Aslında yazmayı planladığım başka kitaplar vardı ancak çıkmasını dört gözle beklediğim "Cehennem Çiçeği" çıkınca diğer kitaplarıma "siz birazcık bekler misiniz rica etsem" diyerek önceliği Alper Kamu'ya verdim.
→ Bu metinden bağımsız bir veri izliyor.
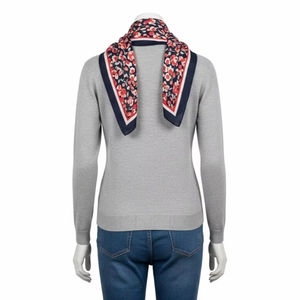 Fashion Square <b>Scarves</b> Polyester Satin Silk Feel Lightweight Breathable All Season Wear Head <b>Neck</b> Bag Wrist Accessory - Product Image 2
Alper Canıgüz'ü severim, bilenler bilirler, daha önce de Gizliajans'ı burada yazmıştım. Ancak Alper Canıgüz'ü sevmenin ilk ve en temel sebebi Alper Kamu'dur. Alper Kamu, dünyanın en küçük dedektifi, zehir gibi bir zeka ve  hazır cevaplılığı ile insanı hayrete düşüren bir çocuktur. İlk macerası olan "Oğullar ve Rencide Ruhlar"dan 9 sene sonra okuduğumuz bu romanda da Alper beş yaşındadır. Açıkçası Alper'in büyümemesi beni acaip mutlu etti çünkü ilk kitapta da denildiği gibi "beş yaş insanın en olgun çağıdır, sonra çürüme başlar".
Öncelikle belirtmekte fayda var, bu romandan keyif almanız için önceki romanı okumuş olmanız gerekmez ama benim naçizane tavsiyem karakterleri daha yakndan tanımak adına ilk kitabı önceden okumanız yönünde.
Bu uzun ön bilgilendirmelerden sonra "Alper Kamu - Cehennem Çiçeği"ne gelelim. Kitabın arka kapağında da belirtildiği gibi kahramanımız "İnsanlığa dair kavrayışımızı biraz daha ileri götürmeyecekse bir cinayeti çözmenin ne anlamı var ki?" diyerek adalet kavramımızı sorgulamaya davet ediyor bizi. Ancak bununla da kalmıyor bir de geçmişte kalmış ya da öyle olduğunu sanığı bir aşk hikayesinin peşine düşüyor. Bu arada kendisi de aşkın ne olduğunu öğrenmeye çalışıyor. Ve babası ile aralarında şöyle bir konuşma geçiyor;

" 'Bir baba olarak söyle evladına: Aşk var mıdır yok mudur, boş mudur dolu mudur, ne kokar, ne boktur?
   Gülmesi biraz dinince, 'Tanrı gibi düşün' dedi babam, ki böyle bir yanıtı hiç beklemiyordum. 'İnanıyorsan varolup olmaması pek önemli değildir. Ayrıca en büyük inkarcının da en inançlının da içinde bir nebze kuşku vardır. Ve elbette ki, aşk da Tanrı da ölümsüzdür.' "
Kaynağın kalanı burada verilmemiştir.